The dispatch appeared under the headline, “Israeli Preference for Nixon Hinted.” and stated that Ambassador Rabin had “indicated that he would favor President Nixon’s re-election in November’s election.” It quoted the Israeli Ambassador as saying, “while we appreciate support in the form of words we are getting from one camp, we must prefer support in the form of deeds from the other camp.”

Rabin said he was misquoted.
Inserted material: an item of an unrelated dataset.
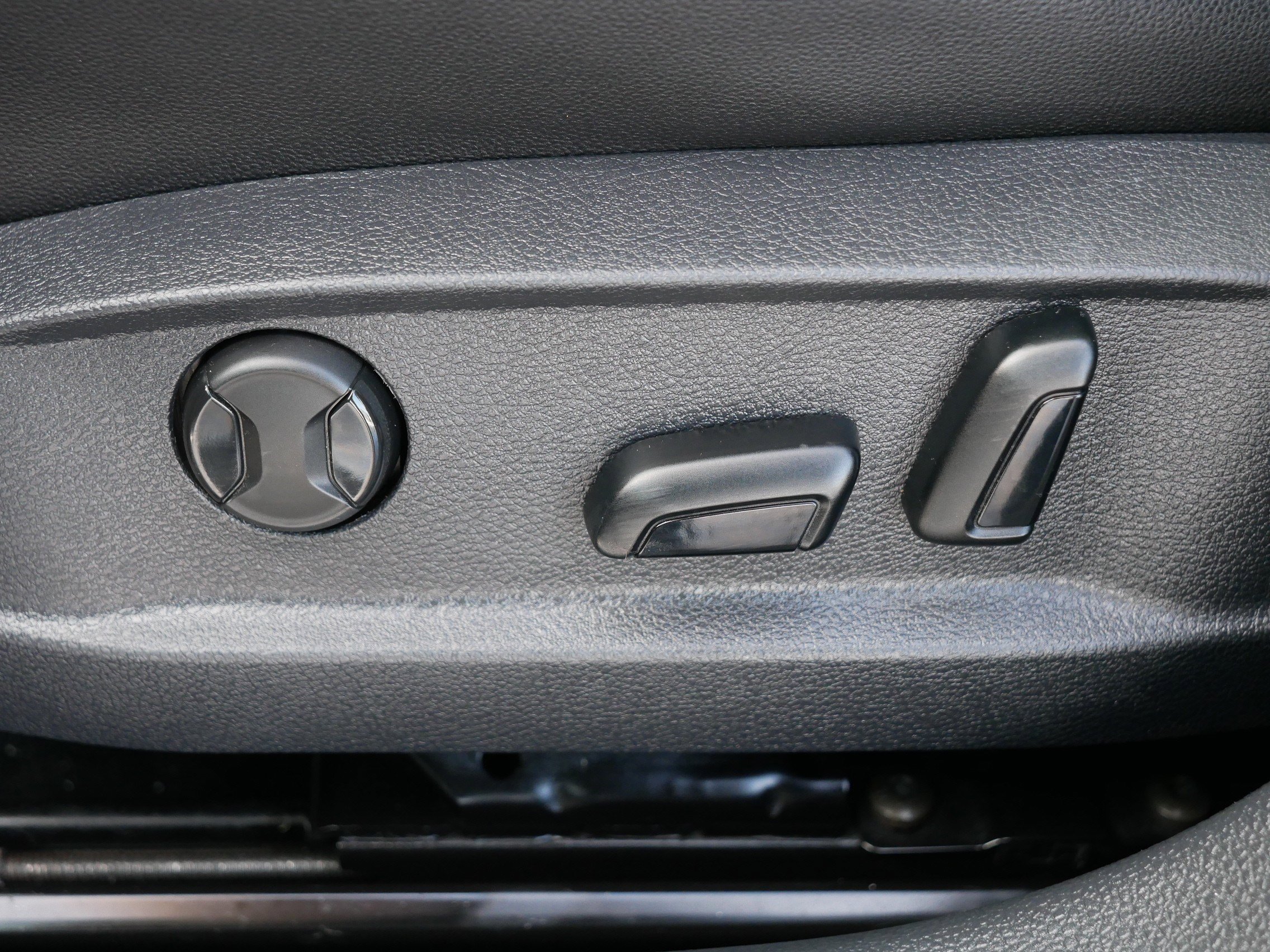 Used 2017 Volkswagen Golf SEL image 20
He said that in the original interview, conducted in Hebrew, he had indeed distinguished between support by words and support by deeds but did not relate them to either “camp.” He stressed that the policy of the Israel Government and its Embassy is not to interfere in any domestic affairs of the US. In more than four years as Ambassador in Washington he said, he had pursued that policy and would continue to pursue it as long as he is Ambassador.

Rabin expressed “disgust” at the anonymous Israeli officials which the dispatch said had “expressed their view that this time the ambassador may get a severe reprimand perhaps from the ‘highest possible sources’ perhaps even from Prime Minister Golda Meir.”

“I am not aware up to this time-which is 6:30 p.m. in Israel-about a reprimand for what I said from my authorities,” Rabin told the newsmen. He said it was “ironic that no American reporter has put into writing what the article from Jerusalem tried to relate to me and put in the name of Israeli officials.” He said it was “shocking and inconceivable that any responsible Israeli official would try to misread-give the interpretation that the reporter from Israel has given my interview.”

Israeli sources in Washington said today that the Post story represented an “unprecedented attempt by certain circles in Israel who are so cowardly that they use an Israeli who serves as a reporter for an American newspaper to put such an interpretation” on Ambassador Rabin’s “actions and words.” The sources described the Post article as an attempt to “sabotage” the Ambassador’s “successful efforts” to improve relations between Israel and the US by “informing the public in the US and Israel what the positions are of the various candidates in regard to Israel.”

“Our policy has always been to praise those who help Israel,” one Israeli source emphasized. “If you will refer to the actual interview you can see that throughout the years only the White House has over-ridden the bureaucracy in supporting Israel, and not only one administration,” the source said, noting that Rabin’s interview had started with praise for President Truman’s support for Israel.

Asked whether Ambassador Rabin had ever said publicly or privately whether he favored President Nixon, the source replied that the Ambassador has only spoken of matters relating to Israel and the US and that there was nothing in the interview that went beyond matters directly affecting Israel and the Middle East. No American has approached the Ambassador about today’s story in the Washington Post, the source said.

Rabin said that he was quoted correctly in the dispatch as saying that no other American President had made such a far-reaching statement committing the US to support Israel’s existence as the declaration made by President Nixon in his address to Congress upon his return from the summit conference in Moscow. In that address, Nixon said, “Our summit conversations about the Middle East situation was also full, frank and extensive. I reiterated the American people’s commitment to the survival of Israel and to a settlement just to all the countries in the area.”